In Florida, HB 3 is celebrated with great fanfare, as though someone had finally cracked the moral code of the twenty-first century. But when these laws fail — and they fail, because they are born broken — who will be to blame? Not the parents, who still fail to supervise the phones. Not the children either, budding technological prodigies. Certainly not the legislators, who draft bills with legal loopholes large enough to contain oceans of incompetence. No. According to the official script, the blame will fall either on God or on the Devil. Throw your first stone in whichever direction you prefer.

And while legislators celebrate these laws, political rhetoric plays out on yet another level of irony. It is ironic that those who draft regulations against misinformation are often the very ones spreading the most extravagant rumors.

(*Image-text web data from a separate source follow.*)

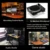 2020 New Foam Studio Monitor Speaker Sound Insulation Isolation Foam Isolation Pad, Используемый Для Акустической Пены Высокой Плотности Динамика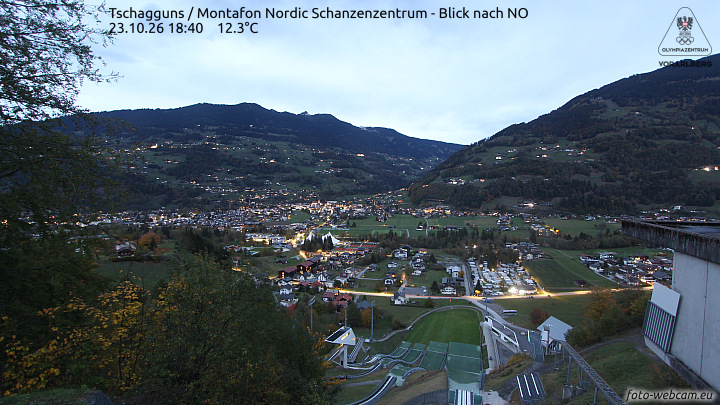 Tschagguns | Montafon Nordic Schanzenzentrum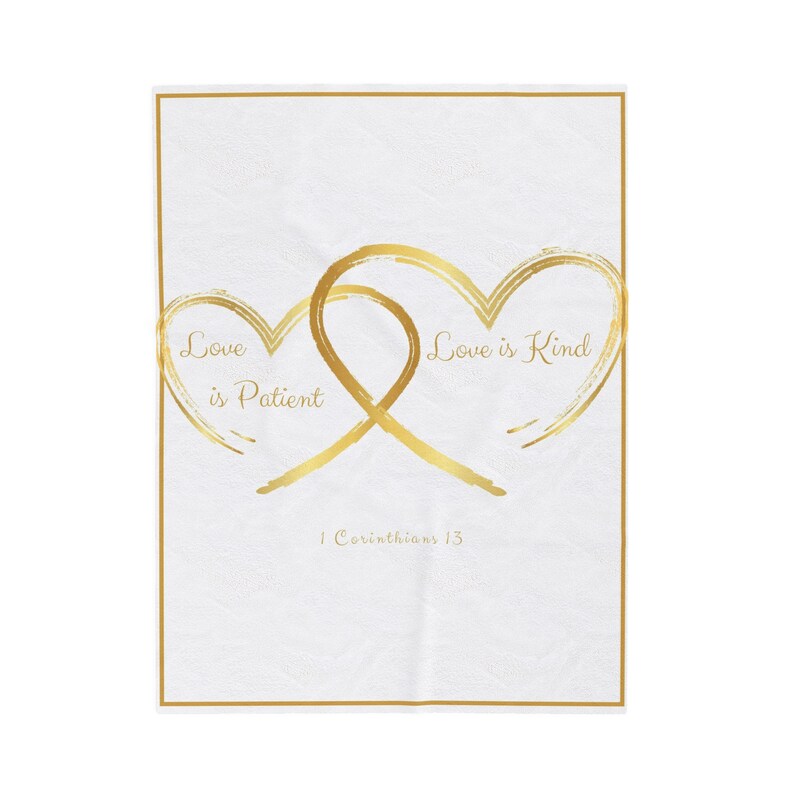 Valentine's Day Gift Gift for Her Love Couples Blanket Wedding Gift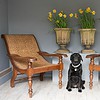 pair of antique Plantation Chairs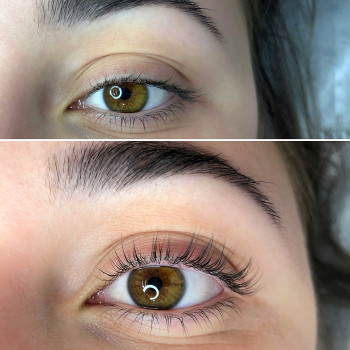 Ламинирование, окрашивание, ботокс ресниц
                    Ламимейкер Екатерина Маріуполь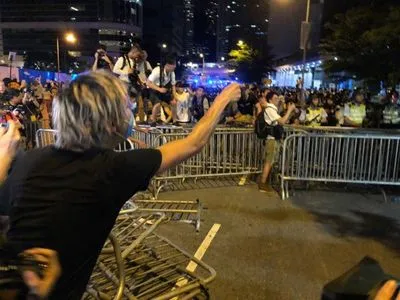У Гонконзі більше 1 мільйона людей вийшли на акцію протесту
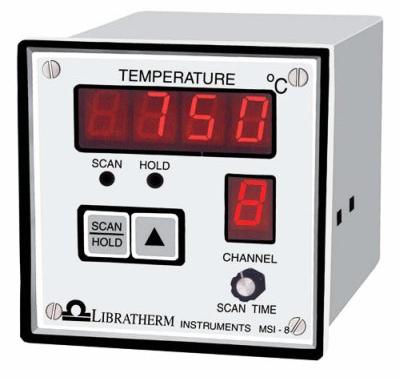 Temperature Scanner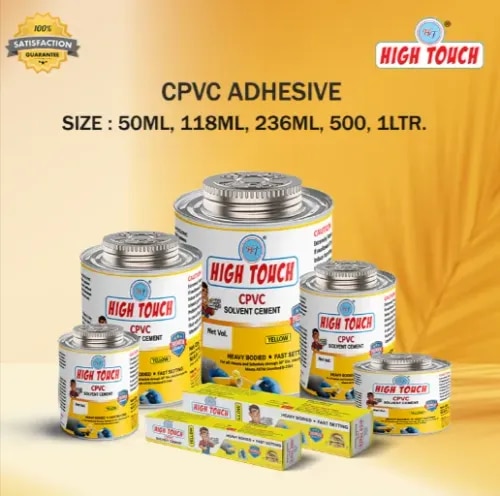 CPVC Pipe Adhesive Manufacturer product image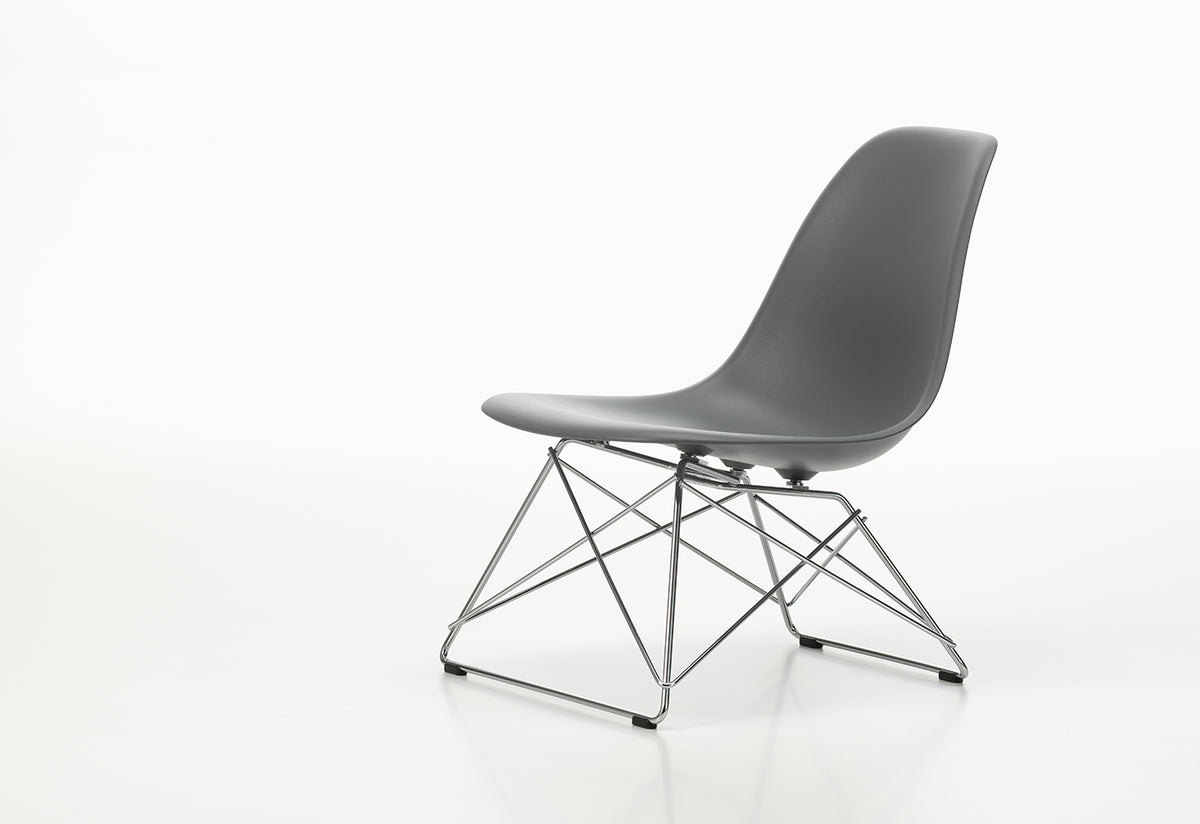 Eames LSR Plastic Chair, Charles and ray eames, Vitra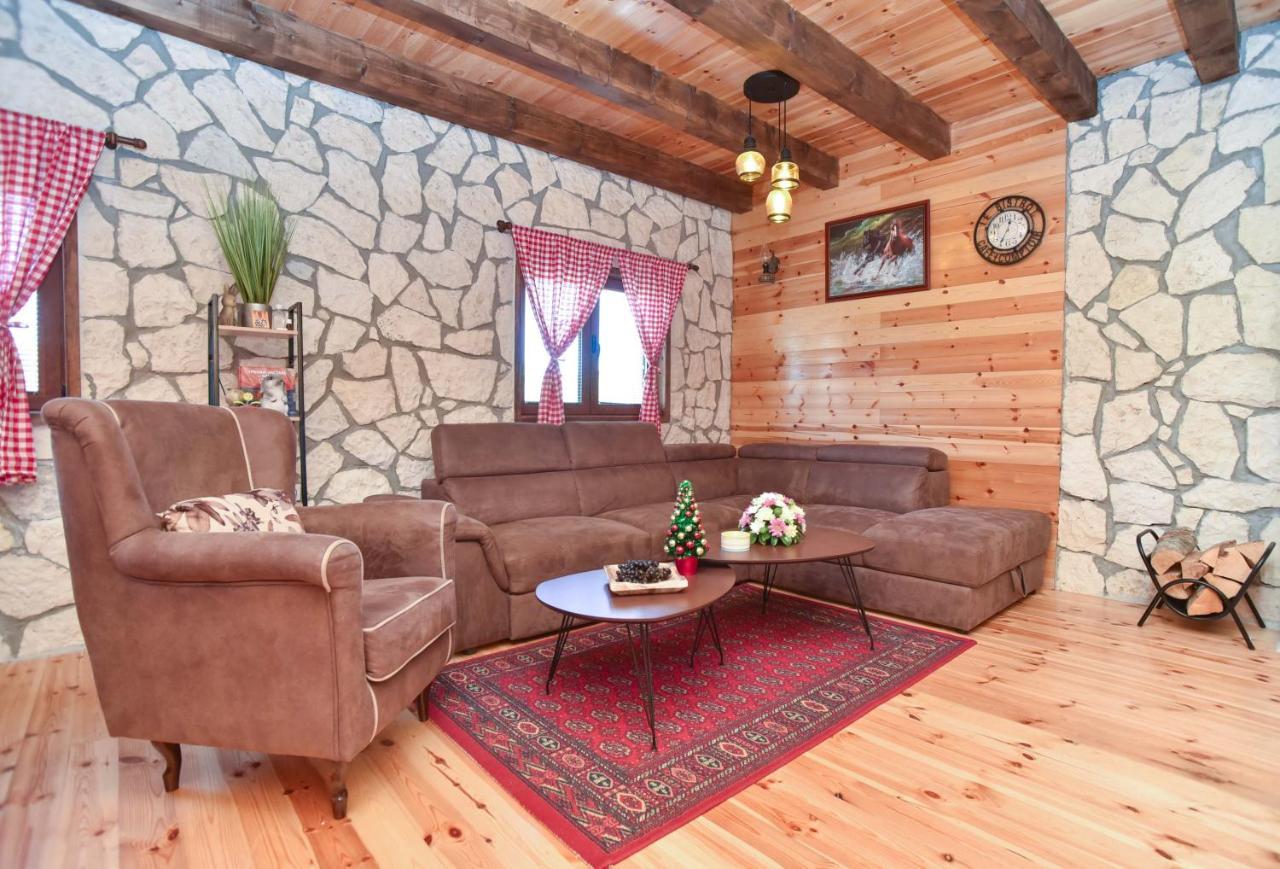 Big Bear Villas Жабляк Экстерьер фото
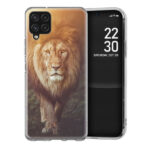 Θήκη Back Cover Samsung Galaxy A22 4G Lion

Do you remember the politician who once claimed that certain immigrants “eat people’s dogs and cats, those beloved household pets of decent families”? Or what was insinuated after the recent massacre in New Orleans, when that powerful figure declared, without evidence, that the killer could not possibly be a “true American”? According to him, “the criminals who come in are far worse than the ones we already have.” A quote, they say, attributed to the EFE news agency. As though the brutality of a crime depended on the place of one’s birth. The true ironic twist came when it turned out that the criminal was just as American as his president — whose ancestors came from Germany or, perhaps, from Cochinchina.

Voltaire said it better than anyone: “Certainement, qui est en droit de vous rendre absurde est en droit de vous rendre injuste.” In other words: “Those who can make you believe absurdities can make you commit injustices.” And so, between absurdities and injustices, HB 3 spreads its halo of illusion while citizens wonder whether any of this truly changes anything. Perhaps not. The reality is simple: these laws collide with already established rights and freedoms — privacy, freedom of expression — no one fully understands their real scope, and the platforms will continue doing the minimum necessary to avoid sanctions.

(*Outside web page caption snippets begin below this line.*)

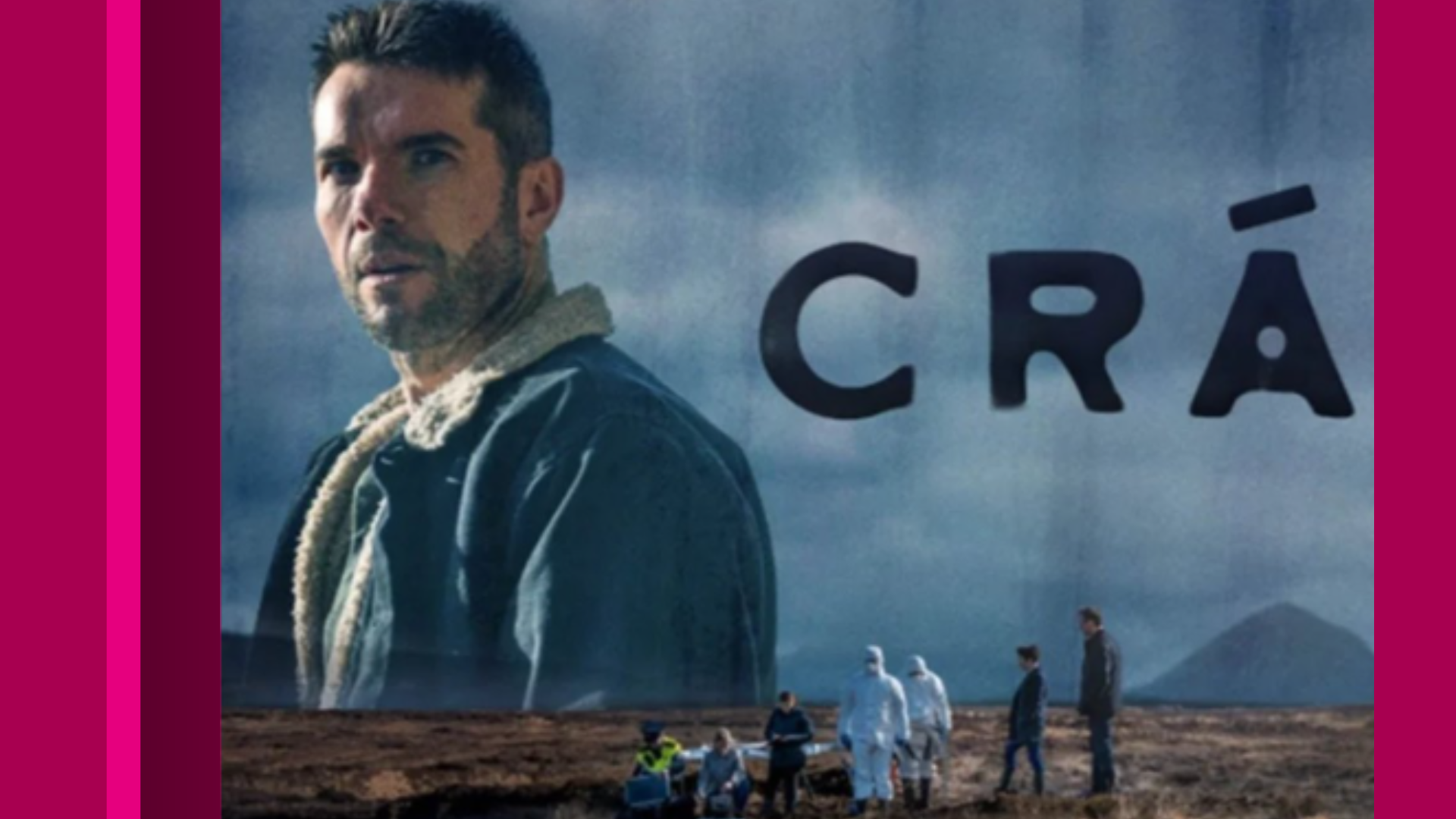 MBA Student Darach O Tuairisg Nominated for IFTA for Groundbreaking Film ‘Crá’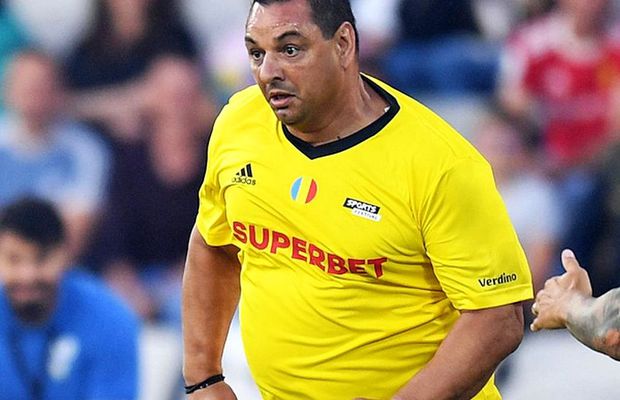 Ionel Ganea a numit cel mai bun atacant din Liga 1: „E peste Bîrligea, peste Safira, peste Selmani, peste toți!”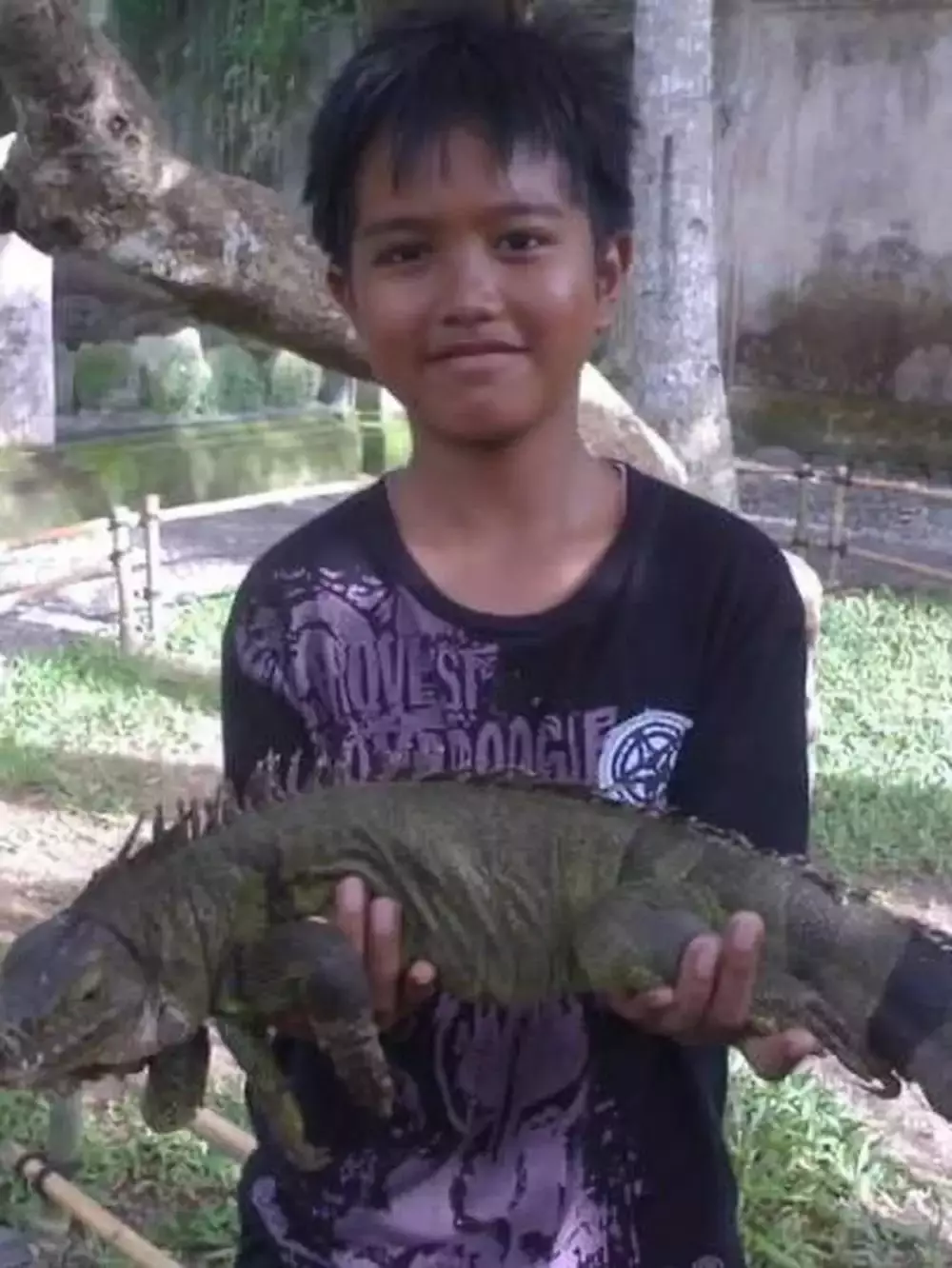 potret masa kecil kaesang disebut mirip Al Nahyan © berbagai sumber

And the teenagers? They navigate digital waters like fish in the sea, always two steps ahead of the legislators. Meanwhile, adults — addicted to their own algorithms — fall prey to the very conspiracies these laws claim to fight. Hannah Arendt reminds us that “lying and violence have always been tools of politics.” Without honesty and education, how could we ever expect legislation to reach safe harbor?

Without a genuine commitment from families to exercise self-regulation, from communities to support parents, and from technology platforms to assume their social responsibility, these laws will remain empty riddles. The solution does not lie in isolated state regulations born broken; only a mandatory federal referendum with global reach could transform the protection of minors into an inalienable right.

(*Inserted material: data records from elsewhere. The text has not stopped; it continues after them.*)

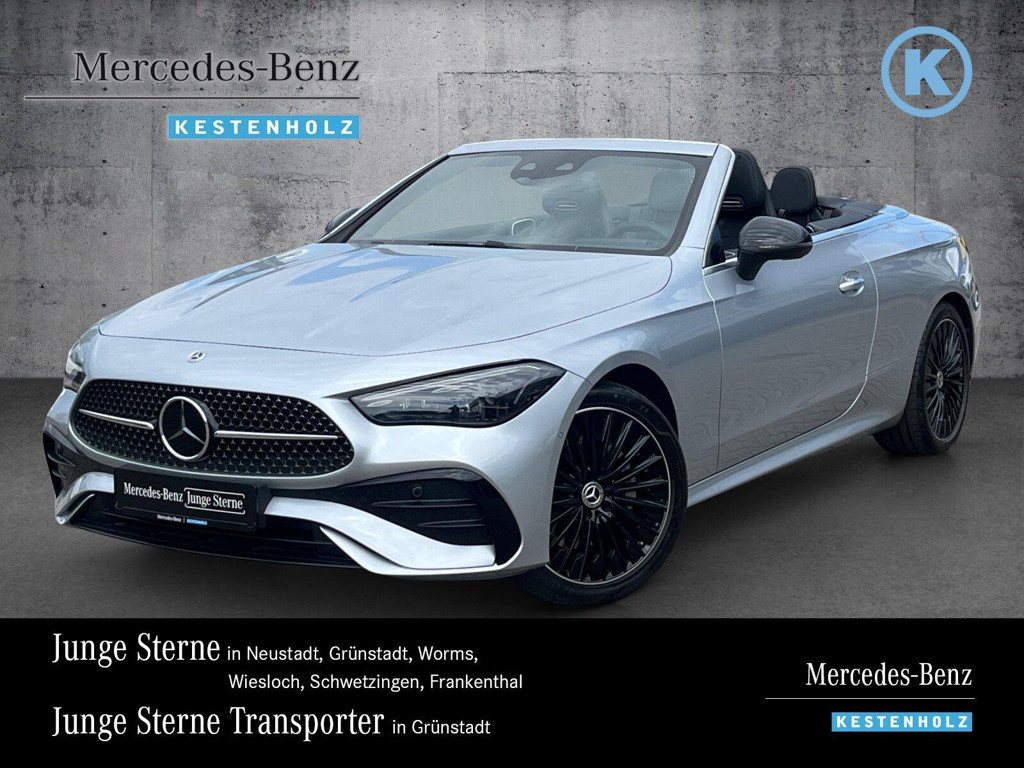 Mercedes-Benz CL 2024 Benzine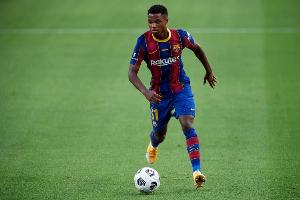 2020年17歲法蒂8000萬身價，10場5球4助后遭遇重傷從此一落千丈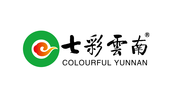 北京七彩云南商贸有限公司_fororder_七彩云南 logo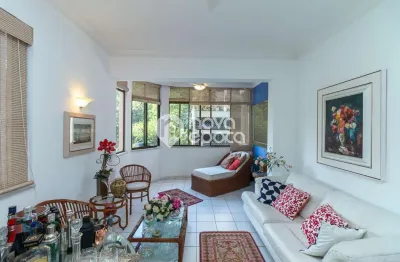 Apartamento com 3 quartos à venda na Avenida Henrique Dodsworth, Lagoa, Rio de Janeiro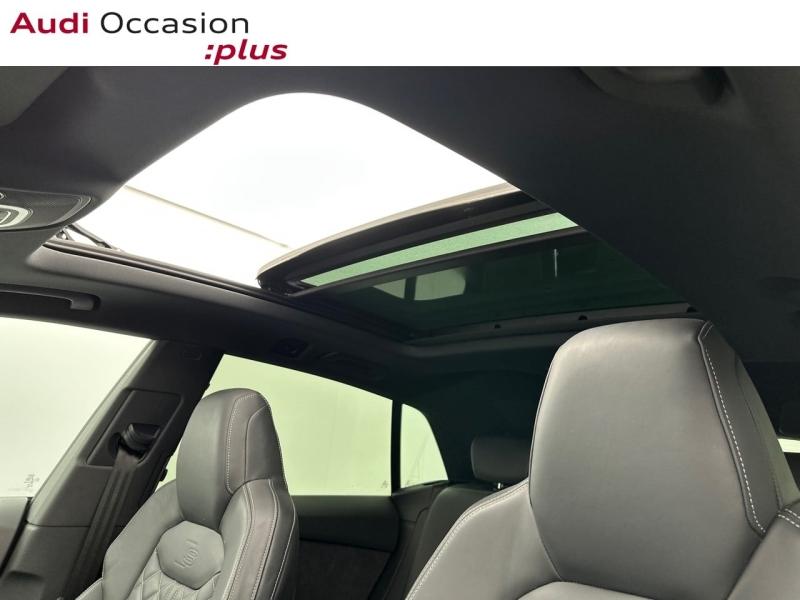 Voitures occasions Audi Q8 S line Vélizy-Villacoublay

Only legislation with constitutional force — requiring the participation of the entire nation and turning the protection of minors into an inalienable right — could truly change the course of this story. And more than that: it should include clear criminal consequences for those who violate child-protection laws, forcing the technology giants to become genuine guardians of compliance. Platforms that profit endlessly from mass participation cannot continue evading responsibility. They must be legally compelled to protect minors, and any failure to do so should carry severe penalties.

Meanwhile, legislators will continue applauding one another, celebrating their “great contribution” as though the appearance of action were enough. It is they who, with every empty law, choose to ignore the failure already on the horizon. Parents, meanwhile, will keep asking their children for help configuring the privacy settings on their devices. And we, as always, will go on blaming either God or the Devil for the uselessness of these laws. Because, of course, assuming our own responsibility — as a society, as families, and as leaders — would be far too uncomfortable. Until we do, we will remain trapped in this cycle of broken illusions. Is that truly the future we want for ourselves and for our children?